Gregor Sebastian, pakar China dari Merics Institute, mengatakan, bagi konsumen produk otomotif China, teknologi menggantikan kualitas tradisional sebagai alasan untuk melakukan pembelian. ”Industri otomotif Jerman kemungkinan tidak akan memainkan peran dominan yang sama di sektor mobil China seperti yang terjadi dalam 20 tahun terakhir,” kata Sebastian.
Kejar ketertinggalan
VW berupaya mengejar ketertinggalan. Bila yang dicari konsumen adalah kendaraan yang memiliki fitur atau teknologi kekinian, VW telah bekerja sama dengan dua perusahaan, yaitu Xpeng dari China dan Rivian dari AS. Dengan Xpeng, pabrikan otomotif di China, VW berniat mengembangkan beberapa kendaraan listrik anyar dengan teknologi baru untuk pasar global.

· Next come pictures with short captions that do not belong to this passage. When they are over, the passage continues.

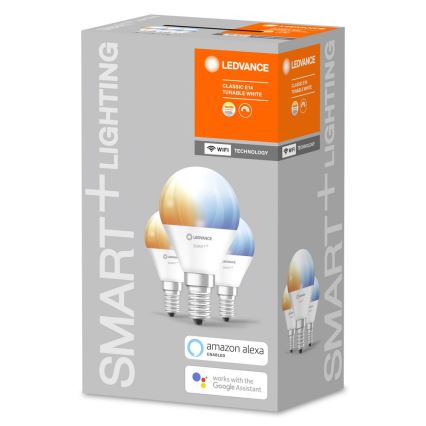 PACK 3x Ampoule à intensité variable LED SMART+ E14/5W/230V 2700K-6500K Wi-Fi - Ledvance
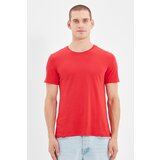 Trendyol Red Basic Men's Slim Fit 100% Cotton Short Sleeve Crew Neck T-Shirt - Cene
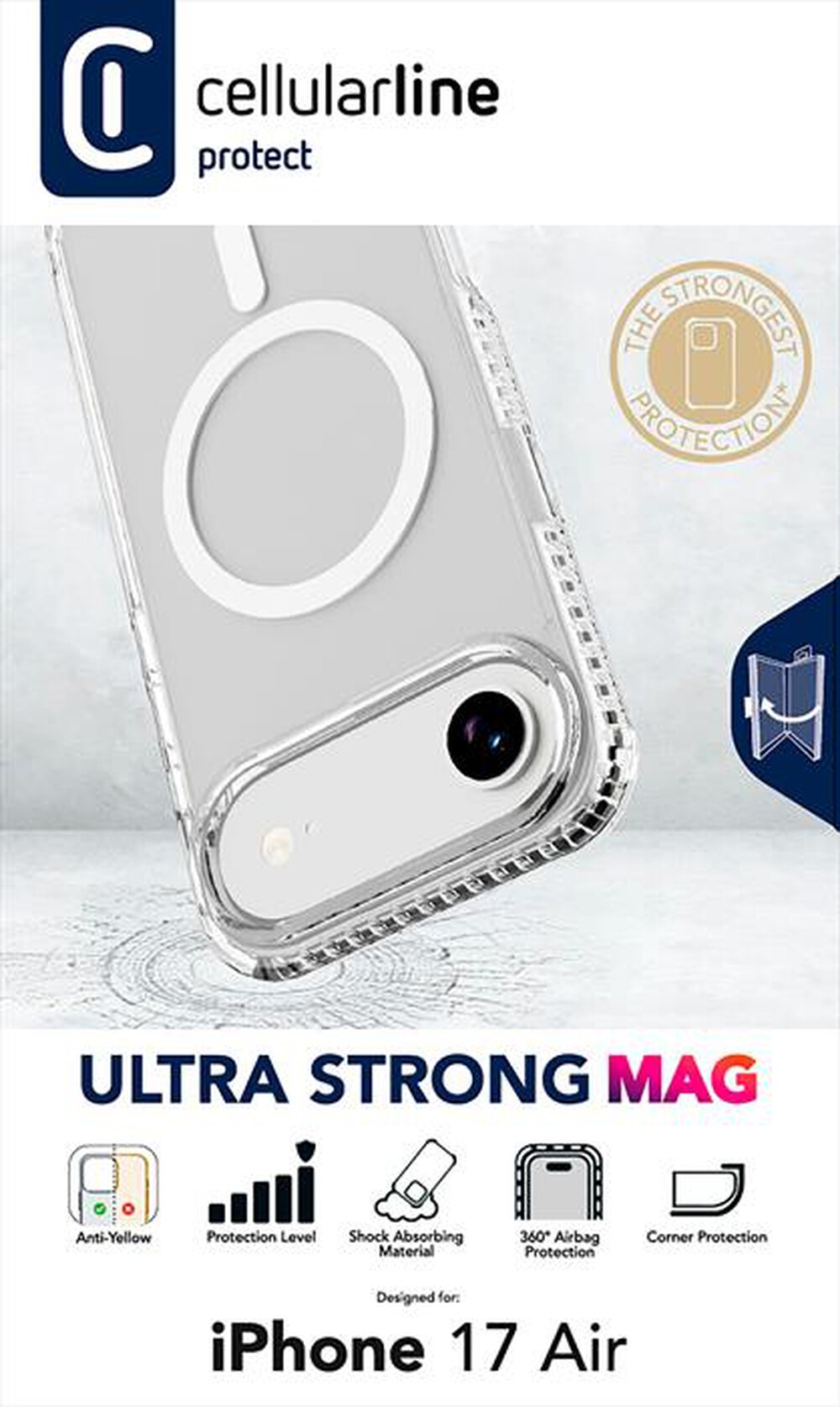 Immagine del prodotto CELLULARLINE - Custodia ULTRA STRONG MAG per IPHONE AIR-Trasparente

Sementara dengan Rivian, VW berencana mengembangkan peranti lunak untuk produk-produknya di masa depan. Nilai kemitraannya mencapai 5 miliar Euro. Kerja sama ini yang ditentang oleh Cavallo.
Dia mendesak Blume memberikan penjelasan mengenai nilai dan tujuan kerja sama ini yang dinilainya terlalu besar. Pada saat yang sama, perusahaan membutuhkan ”penghematan”.
Baca juga: Eropa Semakin Pusing gara-gara Kendaraan Listrik China
Situasi yang dihadapi VW juga sebenarnya kini dirasakan oleh dua perusahaan lain, yakni BASF dan Thyssenkrupp. Pemangkasan tidak bisa dihindari oleh keduanya. Carsten Brzeski, Kepala Kebijakan Makro ING Global, mengatakan, situasi yang dihadapi sejumlah perusahaan besar di Jerman harus menjadi alarm bagi Pemerintah Jerman.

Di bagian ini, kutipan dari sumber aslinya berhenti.